PostgreSQL slow JOIN with CASE statement

14,615

Test this one:

select *
from
    some_table as t1
    join
    some_table as t2 on
        t1.type = t2.type
        and
        (
            t1.type = 'ab' and t1.first = t2.first
            or
            t1.type = 'cd' and t1.second = t2.second
        )

For a better performance create an index based on a function:

create or replace function f (_type text, _first int, _second int)
returns integer as $$
    select case _type when 'ab' then _first else _second end;
$$ language sql immutable;

create index i on some_table(f(type, first, second));

Use that index on the query:

select *
from
    some_table as t1
    join
    some_table as t2 on
        t1.type = t2.type
        and
        f(t1.type, t1.first, t1.second) = f(t1.type, t2.first, t2.second)
Share:
14,615
legacy
Author by

legacy

Updated on June 04, 2022

Comments

  • legacy
    legacy almost 2 years

    In my database I have a table that contains ~3500 records and as a part of more complicated query I've tried to perform inner join on itself using "CASE" condition just as you can see below.

    SELECT *
    FROM some_table AS t1
    JOIN some_table AS t2 ON t1.type = t2.type
        AND CASE
           WHEN t1.type = 'ab' THEN t1.first = t2.first
           WHEN t1.type = 'cd' THEN t1.second = t2.second
           -- Column type contains only one of 2 possible varchar values
        END;
    

    The problem is this query is performed for 3.2 - 4.5 seconds while next request is performed in 40 - 50 milliseconds.

    SELECT *
    FROM some_table AS t1
    JOIN some_table AS t2 ON t1.type = t2.type
        AND (t1.first = t2.first OR t1.second = t2.second)
    

    Also according to the execution plan in first case database processes ~5.8 millions of records while table contains only ~3500. There are next indexes on this table: (id), (type), (type, first), (type, second).

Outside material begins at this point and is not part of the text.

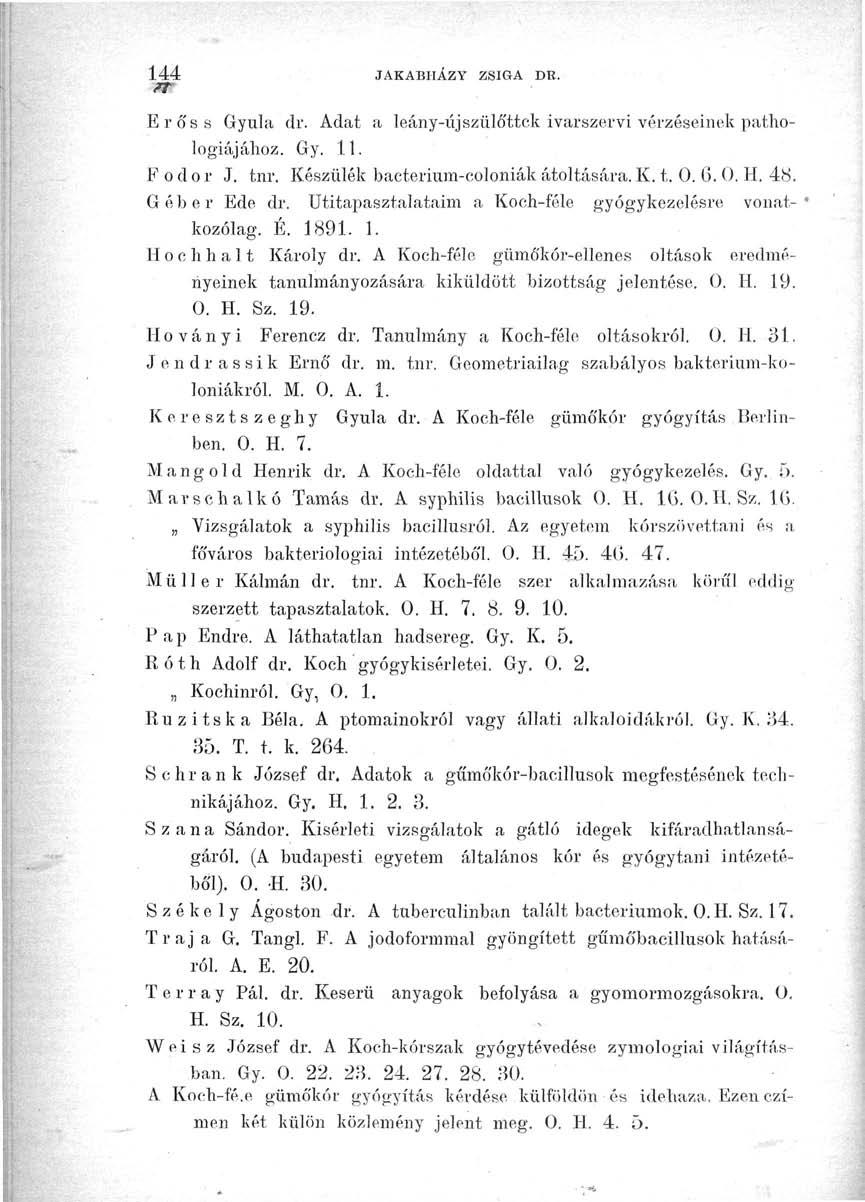 144 JAKABIIÁZY ZSIGA DR. Erő ss Gyula dr. Adat a leány-új szülöttek ivarszervi vérzéseinek pathologiájához. Gy. 11. Fodor J. tnr. Készülék bacterium-coloniák átöltására. K. t. 0. 6. 0. H. 48.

    We are using next version: PostgreSQL 9.4.5 on x86_64-unknown-linux-gnu, compiled by gcc (GCC) 4.4.7 20120 313 (Red Hat 4.4.7-16), 64-bit

    Any ideas why PostgreSQL works so weird in this case?

  • legacy
    legacy over 7 years
    It works just fine, thanks a lot. No ideas why query with CASE performs so slowly?
  • Pavel Stehule
    Pavel Stehule over 7 years
    @legacy - the CASE in JOIN condition is pretty big trap for optimizer - probably Postgres's planner selected nested loop based plan - and your example is Cartesian product 3500*3500 rows, and you have to evaluate CASE expression for every combination - so 5sec is pretty fine time for pretty unhappy query.